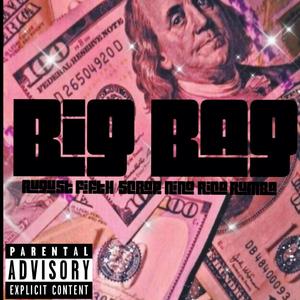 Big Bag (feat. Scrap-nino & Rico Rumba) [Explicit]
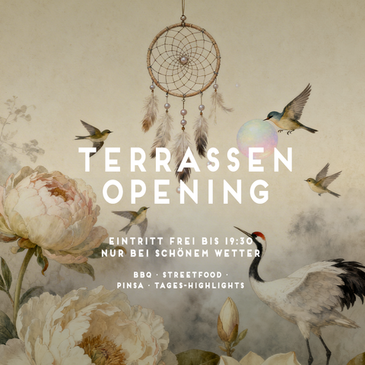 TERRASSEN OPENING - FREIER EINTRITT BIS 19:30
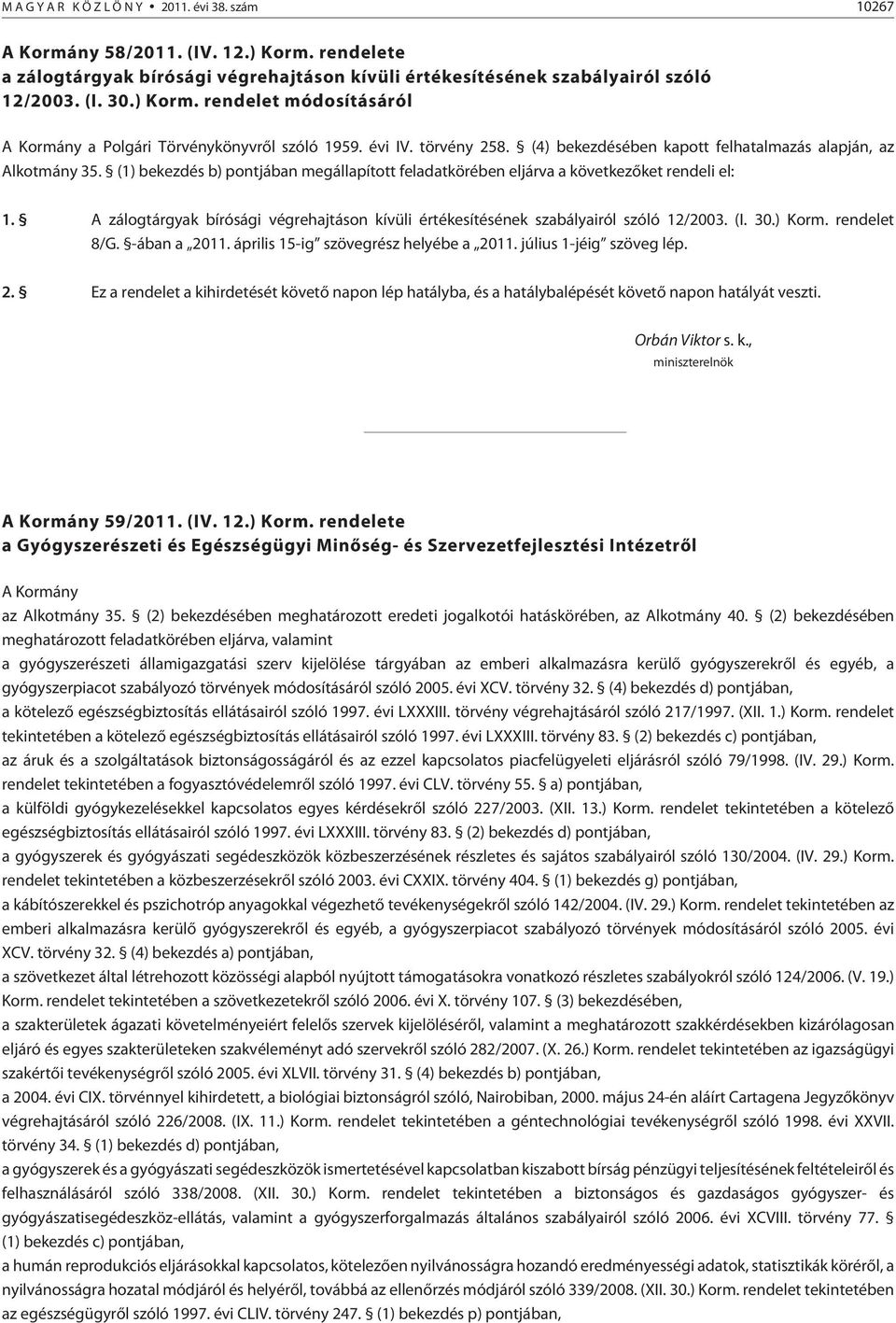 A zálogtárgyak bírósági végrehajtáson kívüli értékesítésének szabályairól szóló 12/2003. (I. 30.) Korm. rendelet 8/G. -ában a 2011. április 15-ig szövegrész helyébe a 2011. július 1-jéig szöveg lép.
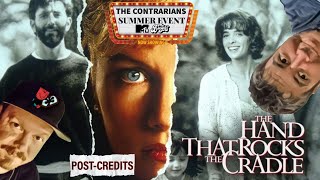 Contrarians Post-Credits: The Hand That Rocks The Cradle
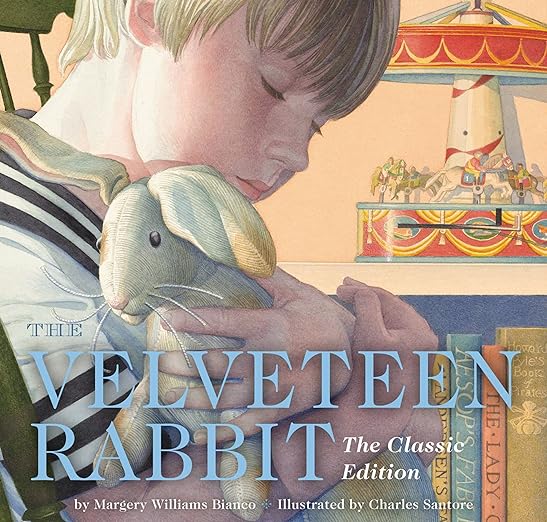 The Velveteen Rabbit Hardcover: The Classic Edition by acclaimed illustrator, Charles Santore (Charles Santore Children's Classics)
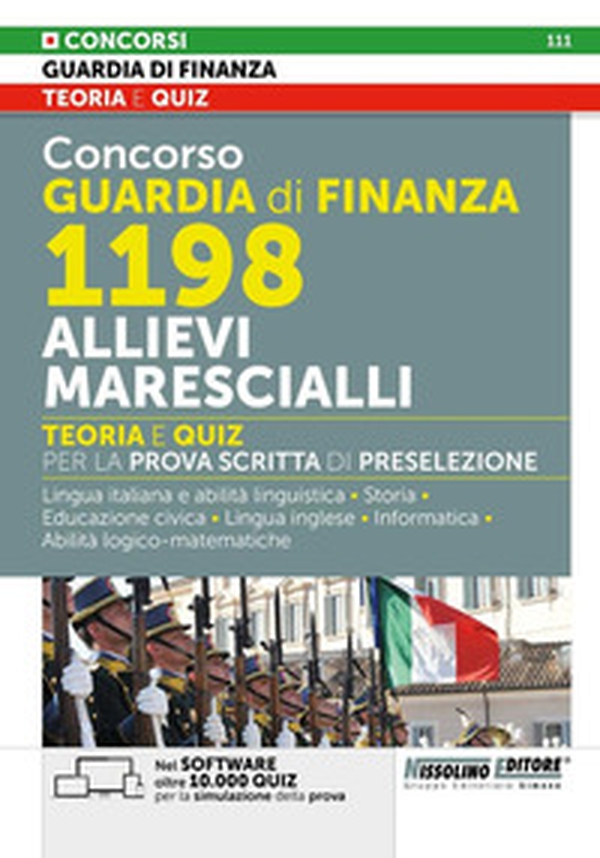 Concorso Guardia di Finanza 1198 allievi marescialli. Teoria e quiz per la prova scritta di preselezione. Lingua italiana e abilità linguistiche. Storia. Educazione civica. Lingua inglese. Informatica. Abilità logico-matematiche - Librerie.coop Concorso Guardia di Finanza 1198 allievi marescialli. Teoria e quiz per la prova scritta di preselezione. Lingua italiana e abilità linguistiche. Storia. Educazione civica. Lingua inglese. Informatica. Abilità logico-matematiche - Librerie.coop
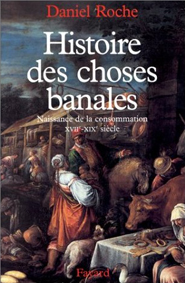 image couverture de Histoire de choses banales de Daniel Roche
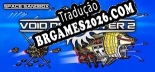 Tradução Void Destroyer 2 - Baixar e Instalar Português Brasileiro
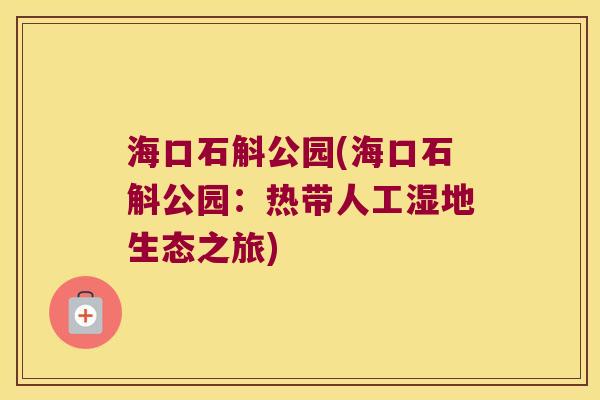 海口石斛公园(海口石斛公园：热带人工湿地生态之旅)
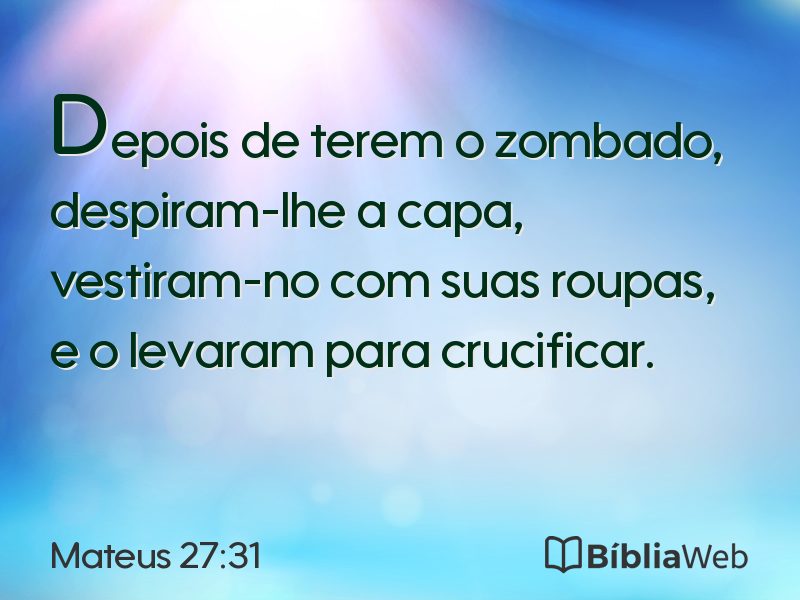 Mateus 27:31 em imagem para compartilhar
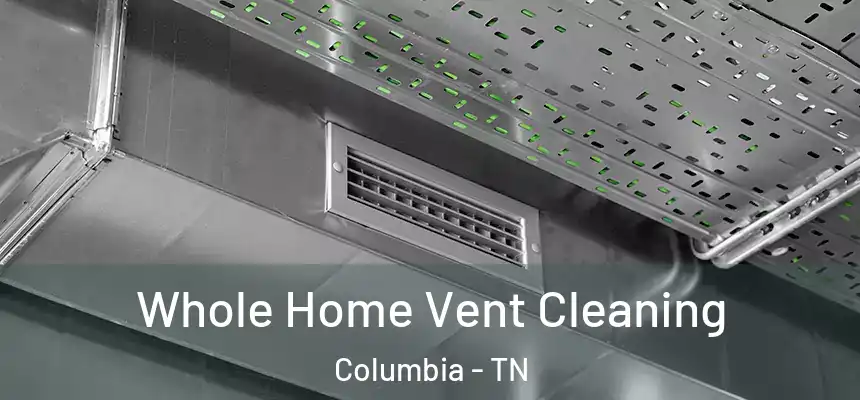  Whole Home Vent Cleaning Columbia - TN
++++
Task brief:
Write each entry again exactly, minus any images.

Your response:
 Big Bag (feat. Scrap-nino & Rico Rumba) [Explicit]
 TERRASSEN OPENING - FREIER EINTRITT BIS 19:30
 A zálogtárgyak bírósági végrehajtáson kívüli értékesítésének szabályairól szóló 12/2003. (I. 30.) Korm. rendelet 8/G. -ában a 2011. április 15-ig szövegrész helyébe a 2011. július 1-jéig szöveg lép.
 Contrarians Post-Credits: The Hand That Rocks The Cradle
 The Velveteen Rabbit Hardcover: The Classic Edition by acclaimed illustrator, Charles Santore (Charles Santore Children's Classics)
 Concorso Guardia di Finanza 1198 allievi marescialli. Teoria e quiz per la prova scritta di preselezione. Lingua italiana e abilità linguistiche. Storia. Educazione civica. Lingua inglese. Informatica. Abilità logico-matematiche - Librerie.coop Concorso Guardia di Finanza 1198 allievi marescialli. Teoria e quiz per la prova scritta di preselezione. Lingua italiana e abilità linguistiche. Storia. Educazione civica. Lingua inglese. Informatica. Abilità logico-matematiche - Librerie.coop
 image couverture de Histoire de choses banales de Daniel Roche
 Tradução Void Destroyer 2 - Baixar e Instalar Português Brasileiro
 海口石斛公园(海口石斛公园：热带人工湿地生态之旅)
 Mateus 27:31 em imagem para compartilhar
  Whole Home Vent Cleaning Columbia - TN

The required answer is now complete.